“Everybody – whether it’s a Netflix or an Ozone or a Hulu or a Roku – all want to market their own measurement and outcomes product. My argument is always that you shouldn’t be marking your own homework,” said Jo Kinsella, President of Innovid XP, Innovid, while speaking at the Future of Media conference in London last month. She continued: “You should trust in global software technology platforms that are built for scale and do this stuff all day long.”
She believes service providers and publishers should focus on what they excel at – delivering content and helping brands reach new audiences. Kinsella said: “If you’ve got the right platform that serves up the right metrics that services the right KPIs, you shouldn’t need to hire data scientists. You need to work with people that can interpret that data, sit down with the client and say ‘spend more here spend less there’”.
She was joined on a panel about measurement and effectiveness by Emma Cranston, Client Services Director, Ozone, and Gordon Black, Director, Paid Media Measurement, adidas. Black believes brands should not wait for standardisation of cross-platform and cross-media measurement but must test and learn for themselves based on their own campaign objectives.
Given his belief that the industry is not close to converging around a universal [cross-platform measurement] metric, Black said: “The biggest thing for me is: don’t get caught up waiting for standardisation. It’s a slow-moving thing so you need to focus on proving different measurements for yourself.”
Kinsella said many brands are now testing and learning while campaigns are in-flight, looking to understand how to optimise creatives and product placement in real-time, rather than running complex models or waiting for post-campaign reporting. This is especially true in the CTV space, according to Kinsella.

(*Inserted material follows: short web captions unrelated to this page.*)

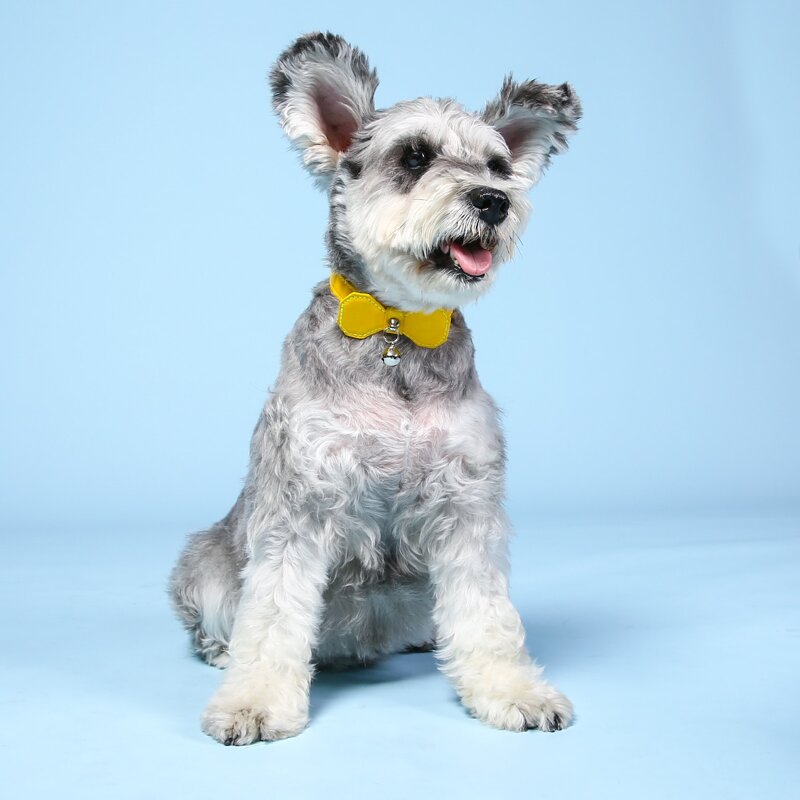 

Bow & Bells Decor Dog Collar, Yellow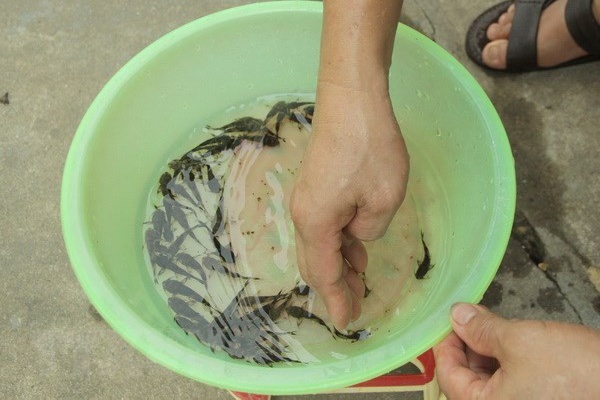 Sản xuất nhân tạo thành công giống cá chiên quý hiếm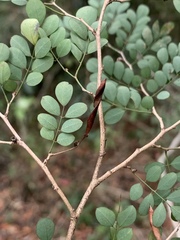 Indigofera micrantha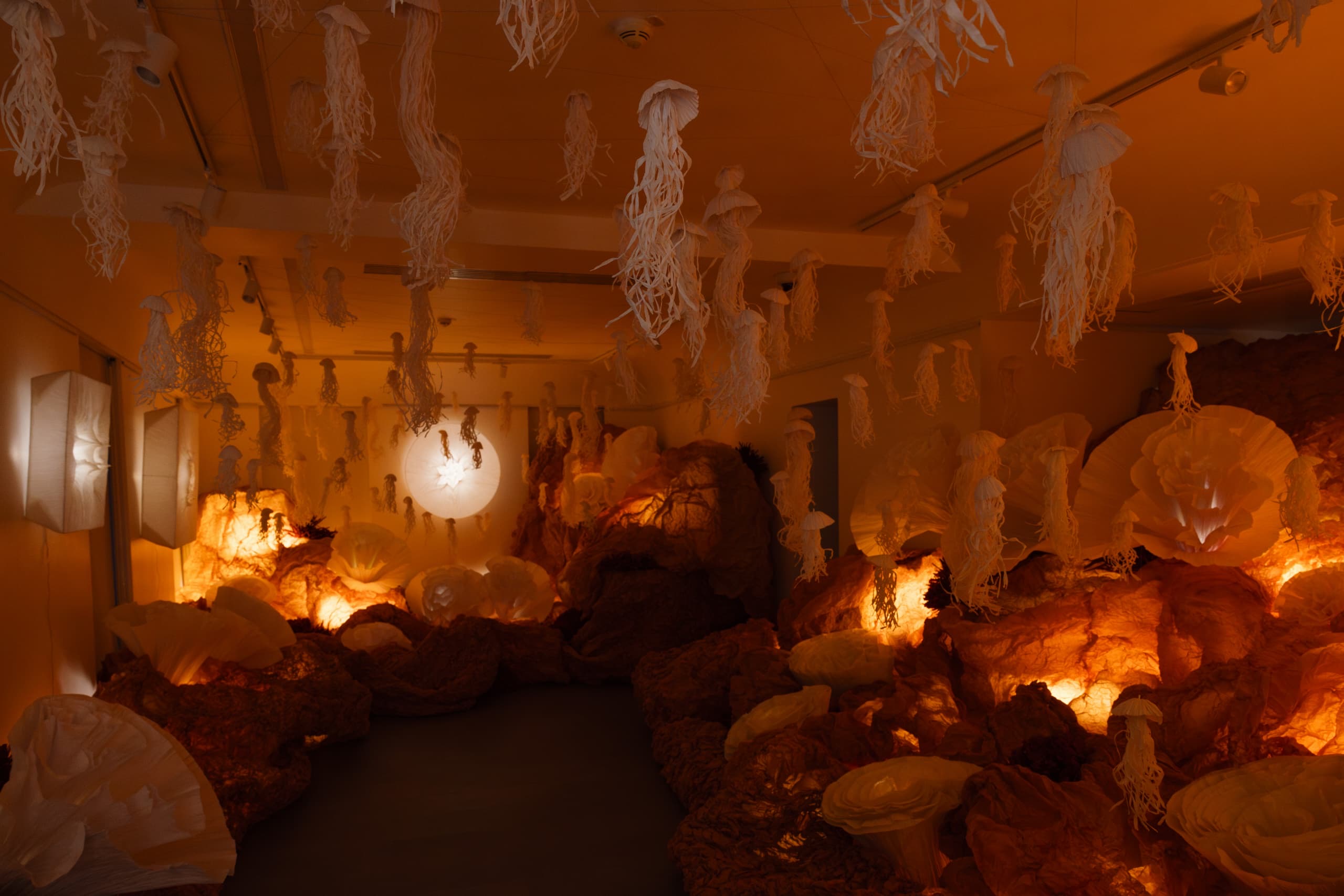 c97d62b4-a960-4183-b07a-ac4dbf75a61c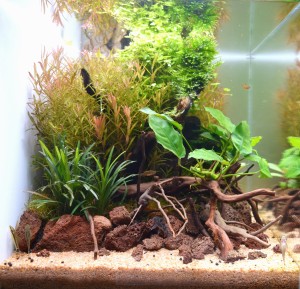 0012 . 45-30-30, 40 liter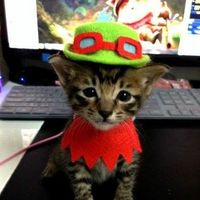 Bernadette Lacanlale's Photo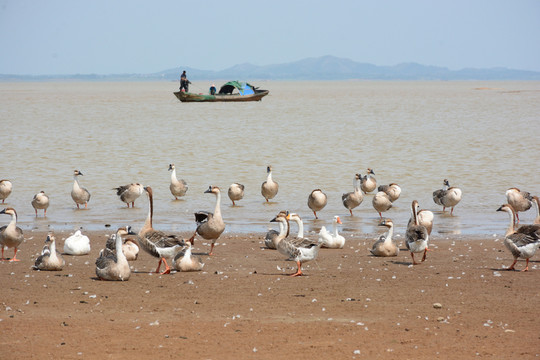 鄱陽湖 鄱陽湖濕地公園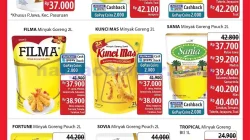 Katalog Promo JSM Alfamidi Terbaru 14 - 16 Februari 2025 1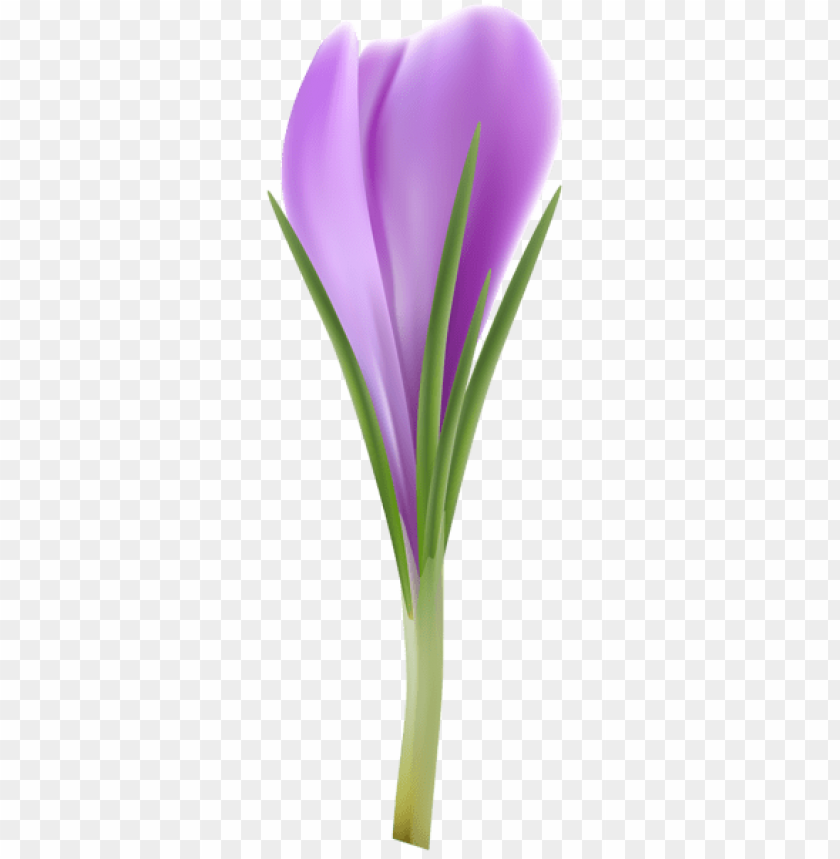 flowers png, spring png, flower png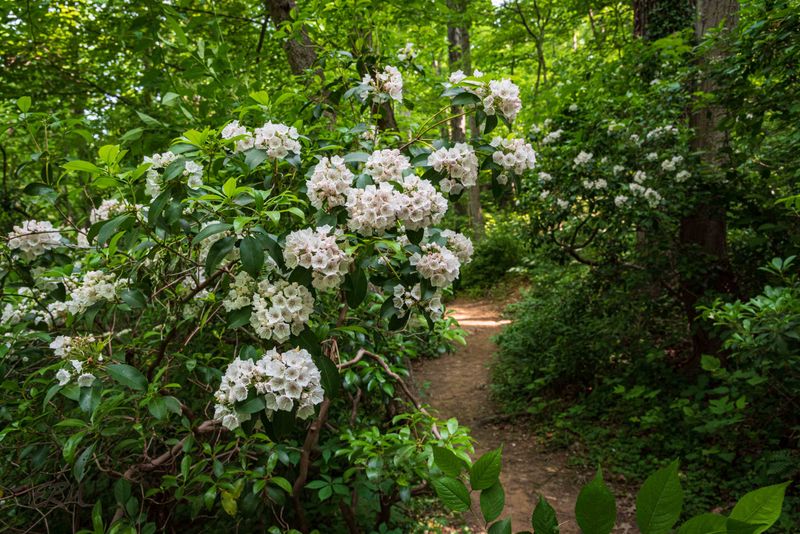 Mountain Laurel (Kalmia latifolia)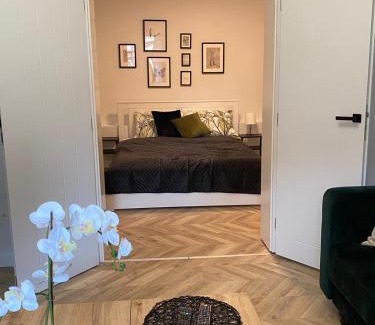 Gryfow Slaski Apartamento | Apartament Frezja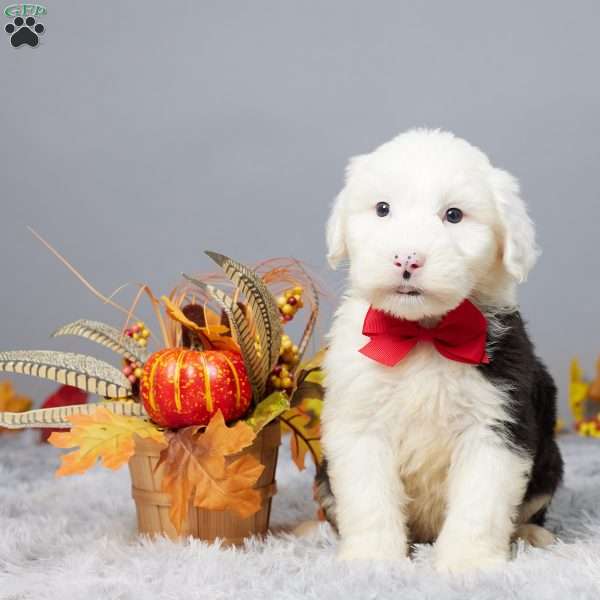 Cletus, Old English Sheepdog Puppy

She commented: “We’re part of the instant gratification generation, and with the rise of platforms like YouTube and TikTok, we need to be able to move quickly. It’s not just about unique unduplicated reach. Yes, we want that too but it’s about: did I sell more product? And if this streaming service didn’t work for me, where else am I able to go with my dollars? How else am I going to spread out my inventory to be most effective?”
Cranston believes that, while the advertising market is evolving rapidly, the metrics we measure with have not caught up. According to the Ozone Director, “Every impression is different” and we should have different metrics to measure them depending on the objectives brands set for their campaigns.
She elaborated: “Sometimes click-through rate might be relevant but for other campaigns, when you want your campaign to focus on awareness, maybe it’s not and you need to look at brand lift instead. That would involve capturing attention through attention metrics.”